Take the line with "Emerald & Crystal Beaded Edge Gold Bangle" and every line after it in the entries below, and set them down exactly, without any pictures.

+-------+

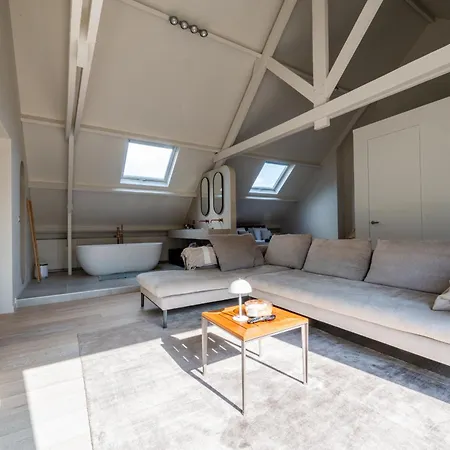 Euphrosina Boutique Met Verwarmd Zwembad, Sauna, Vlakbij Het 4* Ostende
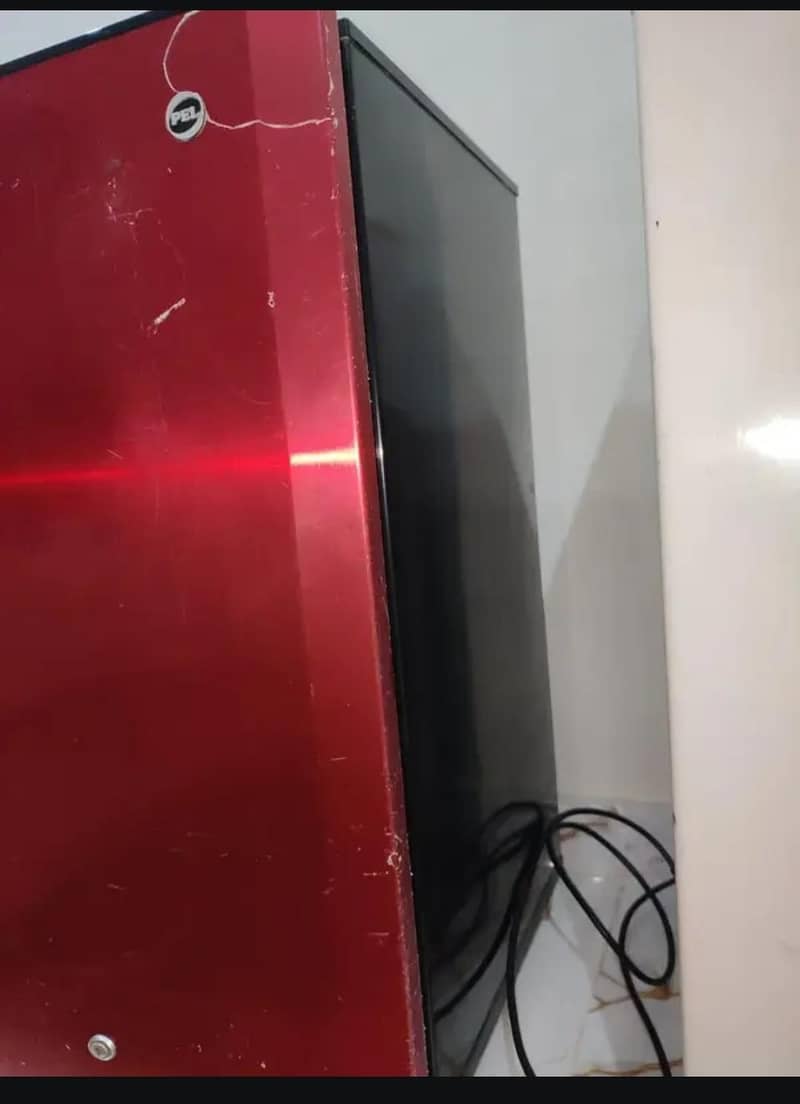 PEL  بیڈ روم سائز چھوٹی فرج بجلی کی بچت کے ساتھ 3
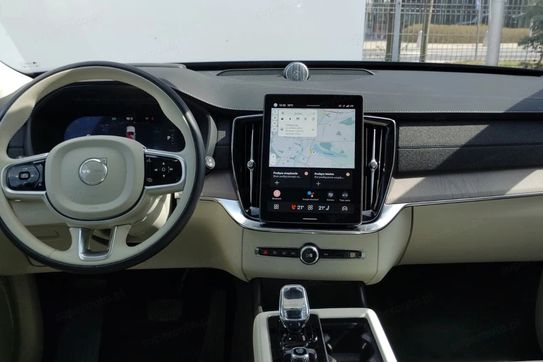 Volvo XC90 T8 AWD Plug-In Hybrid Ultra Bright 7os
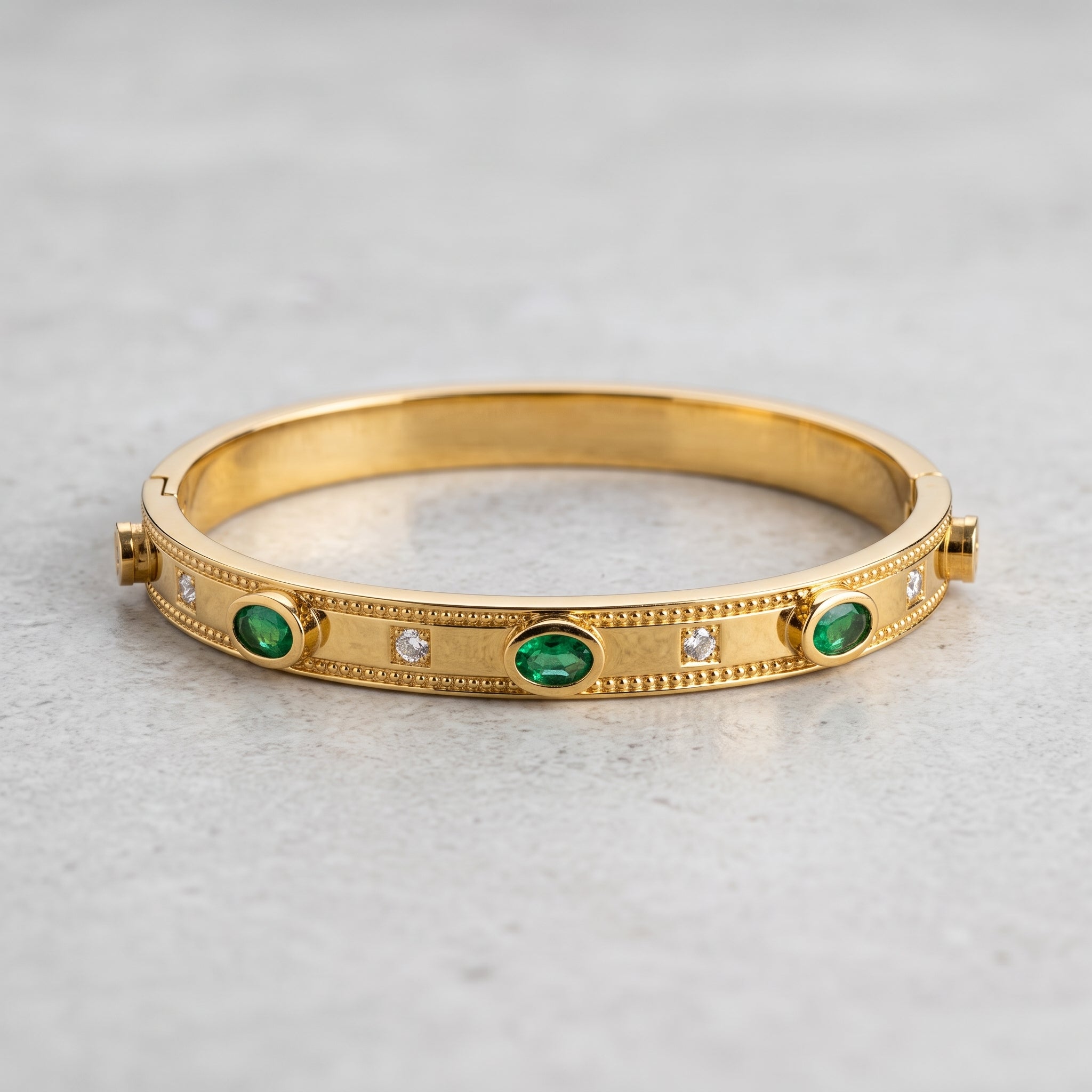 Emerald & Crystal Beaded Edge Gold Bangle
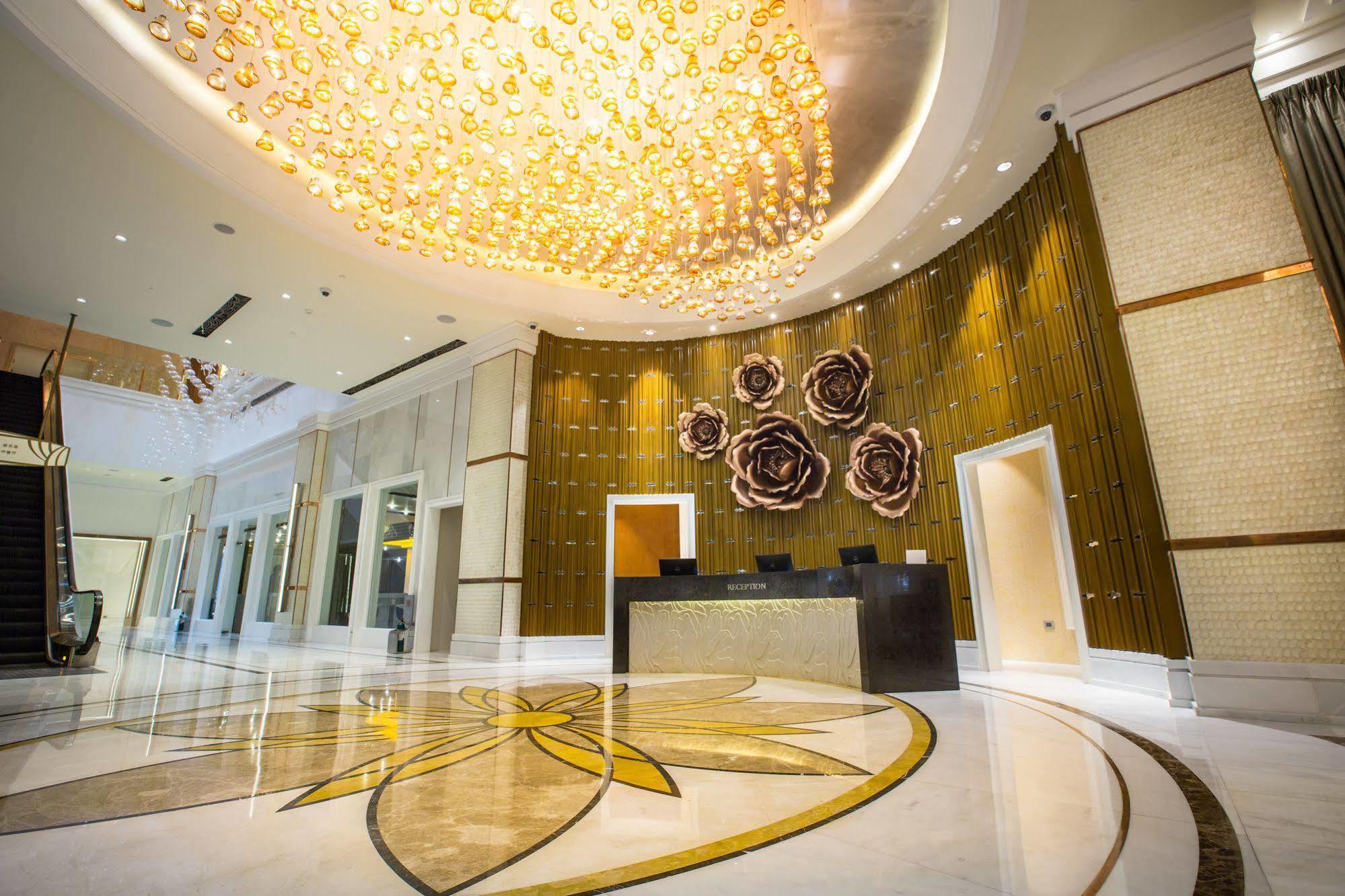 Winford Resort And Casino Manila Kültér fotó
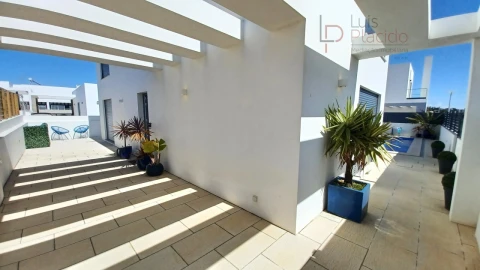 Moradia T4 para Venda em Porto Covo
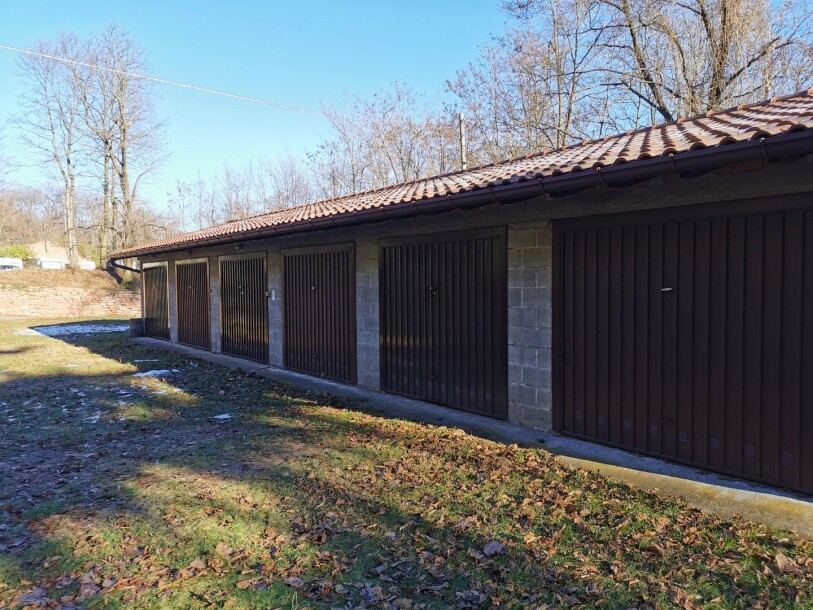 CUASSO AL MONTE, TRILOCALE CON BOX-19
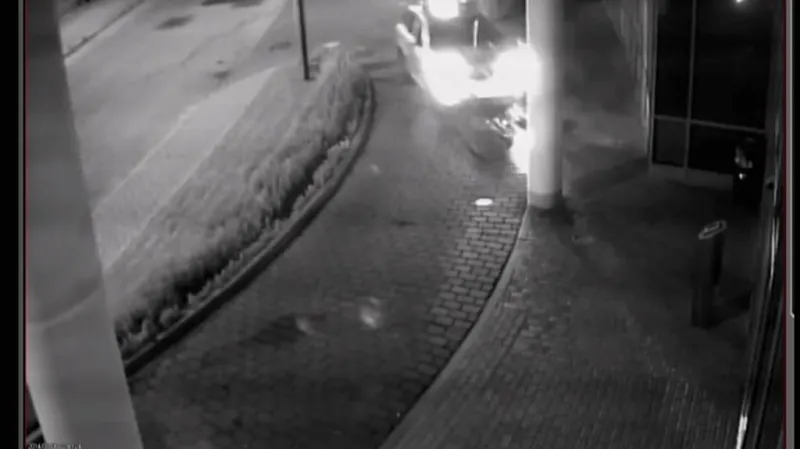 Policisté zastavili motorkáře nárazem zezadu do jeho stroje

+-------+

- Reply -
 Emerald & Crystal Beaded Edge Gold Bangle
 Winford Resort And Casino Manila Kültér fotó
 Moradia T4 para Venda em Porto Covo
 CUASSO AL MONTE, TRILOCALE CON BOX-19
 Policisté zastavili motorkáře nárazem zezadu do jeho stroje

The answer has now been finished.